Anyway, the most important thing is that this grand moment in history starts at 10am at Duboce and Church, and presumably ends at 11:30am at Irving and 9th. I would suggest to you, the owners and riders of Muni use this chance if you can to meet up with the Mayor and assorted Supervisors and tell them what your actual experiences, good and bad, are on Muni.
After all some of these people haven’t seen the inside of a Muni vehicle often, for whatever reason. Since it’s rare our leaders mingle amongst The Rest of Us In Public (unless we’re giving money at a fundraiser), this is your chance to put them on the spot.
If there’s a bit of cynicism perceived in this post, you’ve perceived well.

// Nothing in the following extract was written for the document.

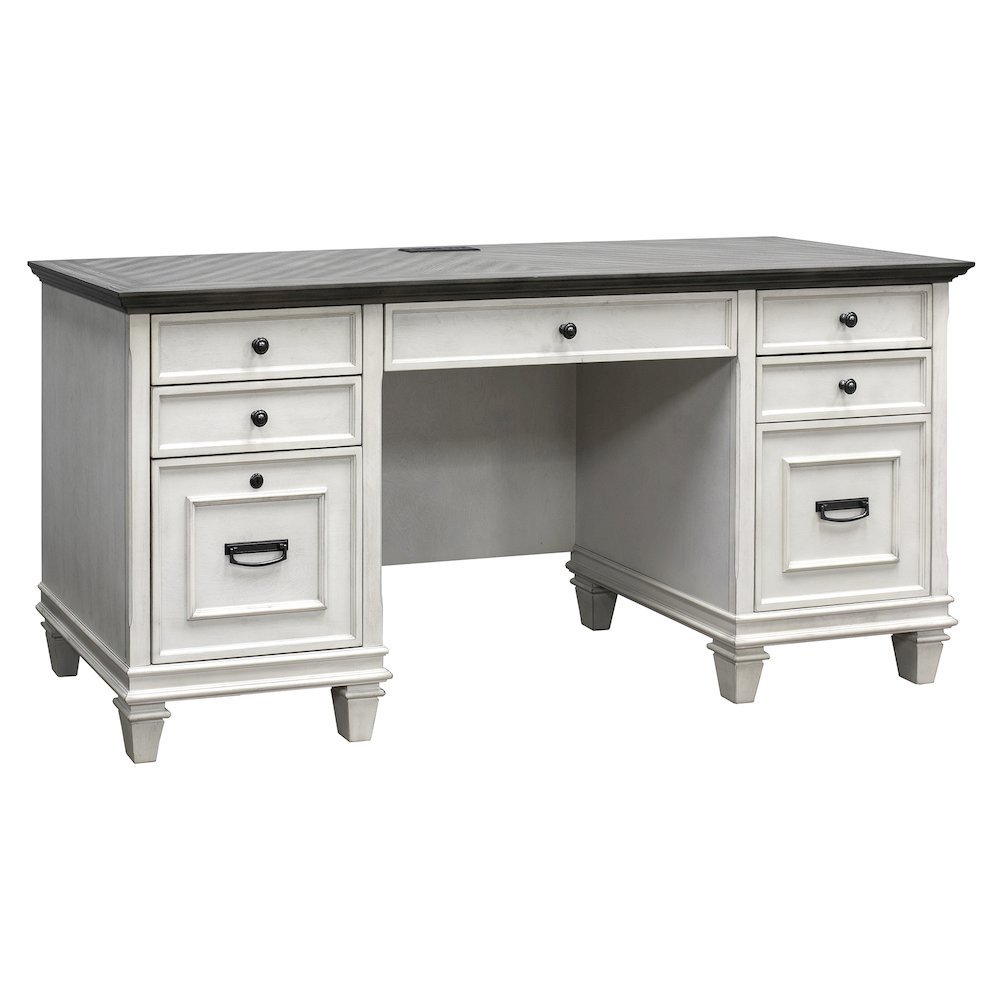 Wood Credenza, 4 Drawers, Printer Pullout, Power Center, White. Picture 7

That’s because the record of Mayor Lee and his appointed SFMTA board running Muni hasn’t been very good. If you took an informal poll today asking the Actual Riders and Citizens of San Francisco if the SFMTA was doing a great job and should be entrusted with billions of borrowed dollars, I don’t think you’d have a working majority saying so.
Add to this the fact that bonds require a 66% majority to pass, and you can see why the transportation bond is facing a world of pain, just 45 days before an election. One cannot get 66% of San Franciscans to agree on what the weather is like on any given day, so getting 66% to pass a big bond for an embattled agency seems to be tough enough.
Most entities that try to pass a bond spend months, even a year or more to enlist support legally to ensure passage. That was my experience passing bonds in a former life, but don’t take my word for it - go ask the folks who’ve passed trillions in bonds in California for the last 25 years.
That’s what makes this campaign for a bond that is allegedly important to Mayor Lee so strange. The Mayor and his esteemed acolytes seem to think they can do a pole vault over every political reality in Today’s World and get a $500 billion bond passed with no major organization until a week ago, with no significant amount of money in the bank, and with a voting public weary of Muni’s bullshit not inclined right away to say “hey take the money, we trust you!”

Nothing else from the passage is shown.